→ **Exercise prompt**: Please repeat only the lines below starting at the line that holds "Amethyst & Mother" and ending at the line that holds "LG 24LB70006LA 61", exactly, with both of those lines included and every picture omitted.

───── Dataset records

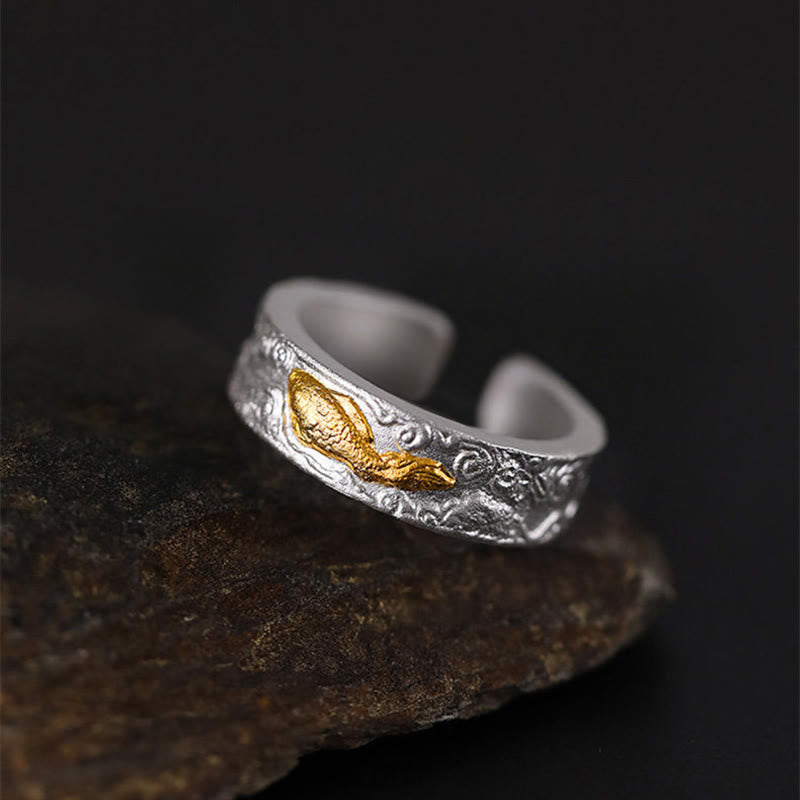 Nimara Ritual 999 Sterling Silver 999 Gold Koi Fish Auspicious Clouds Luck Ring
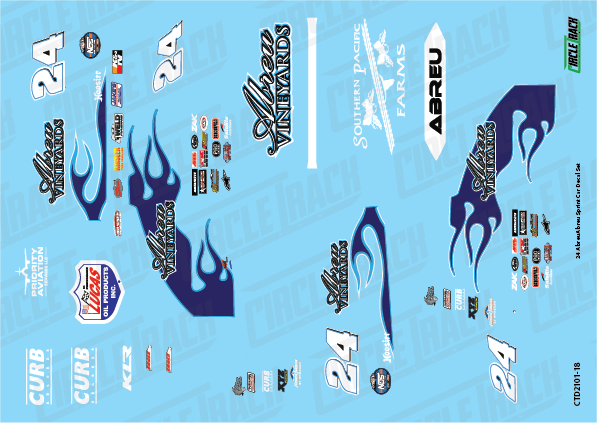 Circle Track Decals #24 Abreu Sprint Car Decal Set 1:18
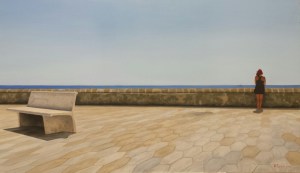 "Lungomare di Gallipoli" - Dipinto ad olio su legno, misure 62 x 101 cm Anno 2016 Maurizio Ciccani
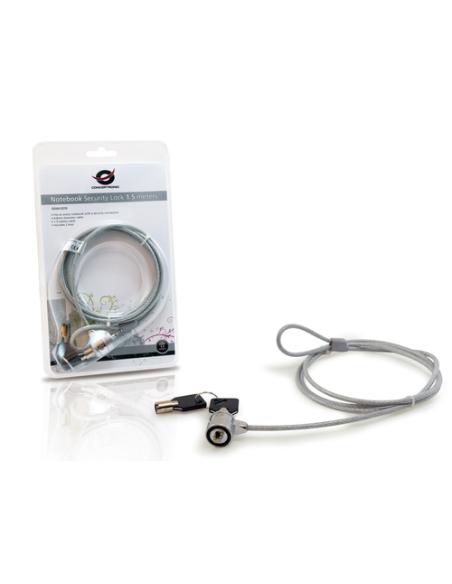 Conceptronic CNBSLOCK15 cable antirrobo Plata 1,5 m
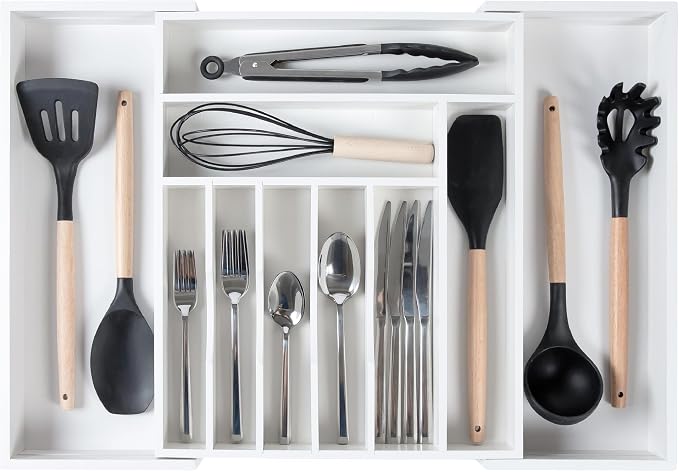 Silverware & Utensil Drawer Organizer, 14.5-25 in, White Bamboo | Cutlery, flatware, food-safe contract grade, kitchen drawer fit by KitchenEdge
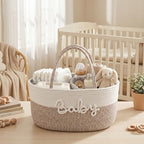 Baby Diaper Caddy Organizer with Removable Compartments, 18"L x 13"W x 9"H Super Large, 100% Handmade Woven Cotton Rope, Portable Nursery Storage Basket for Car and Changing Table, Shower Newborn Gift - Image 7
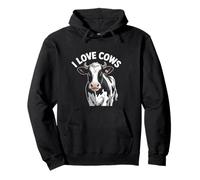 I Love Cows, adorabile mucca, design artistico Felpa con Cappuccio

──────────
───── Dataset records

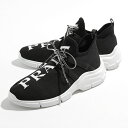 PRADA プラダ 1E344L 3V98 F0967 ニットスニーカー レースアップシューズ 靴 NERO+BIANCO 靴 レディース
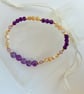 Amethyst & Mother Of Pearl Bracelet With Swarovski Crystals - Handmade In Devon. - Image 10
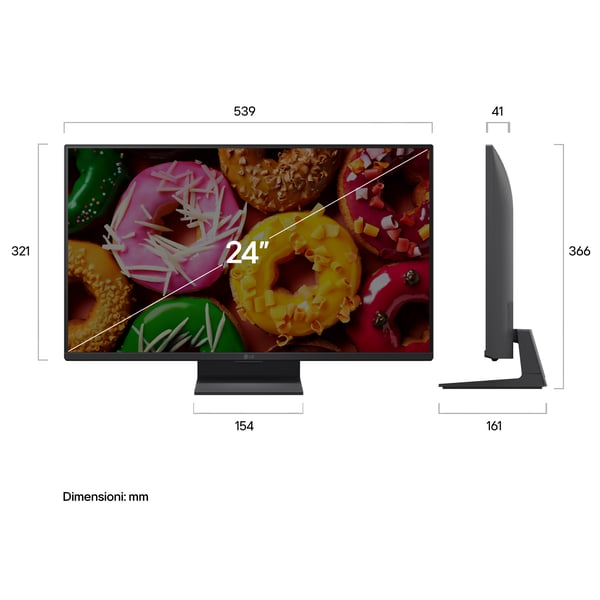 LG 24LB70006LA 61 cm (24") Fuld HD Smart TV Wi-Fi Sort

──────────
───── Dataset records

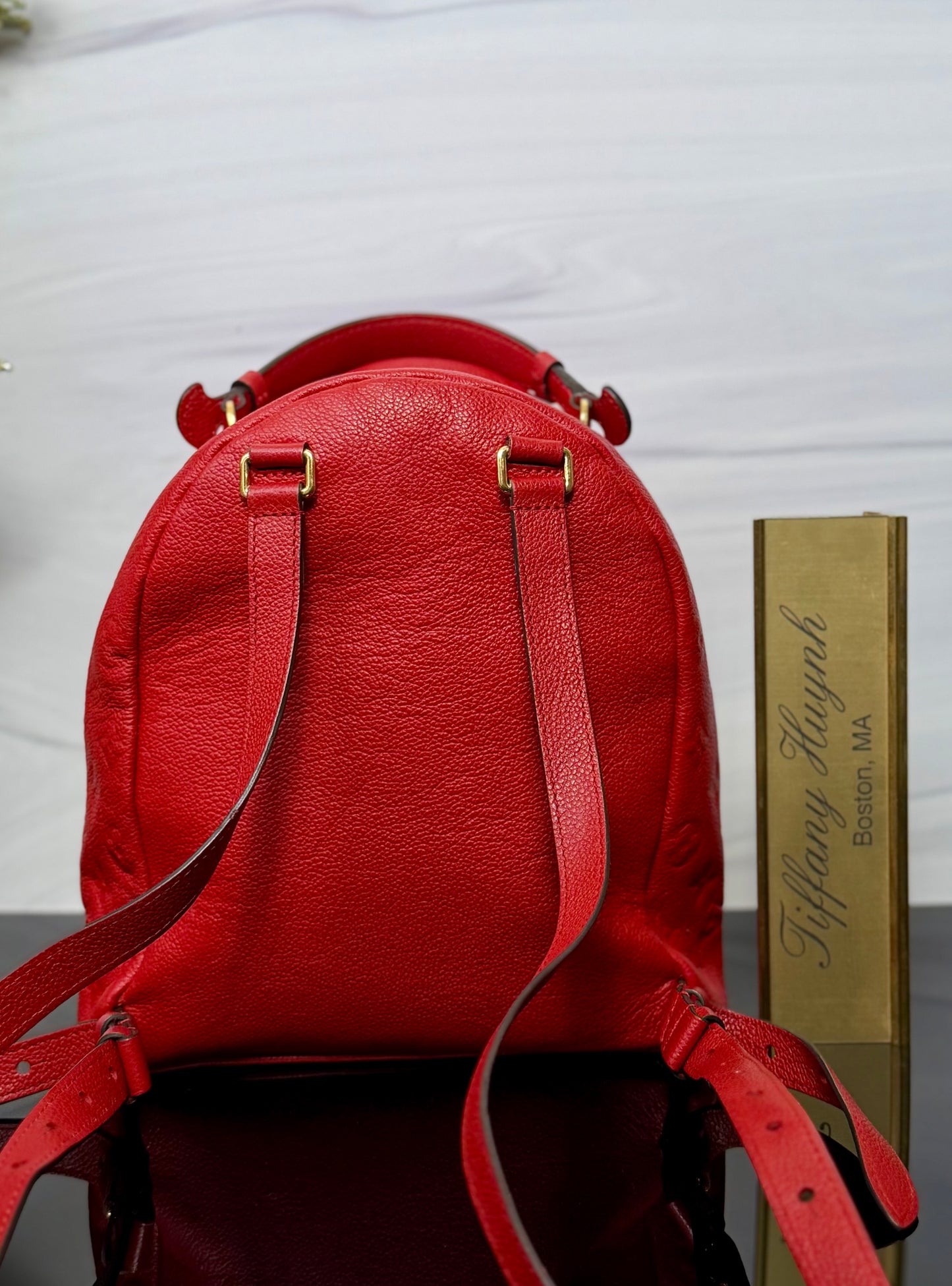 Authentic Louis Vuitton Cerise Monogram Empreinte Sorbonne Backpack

──────────

→ **Response below**:
 Amethyst & Mother Of Pearl Bracelet With Swarovski Crystals - Handmade In Devon. - Image 10
 LG 24LB70006LA 61 cm (24") Fuld HD Smart TV Wi-Fi Sort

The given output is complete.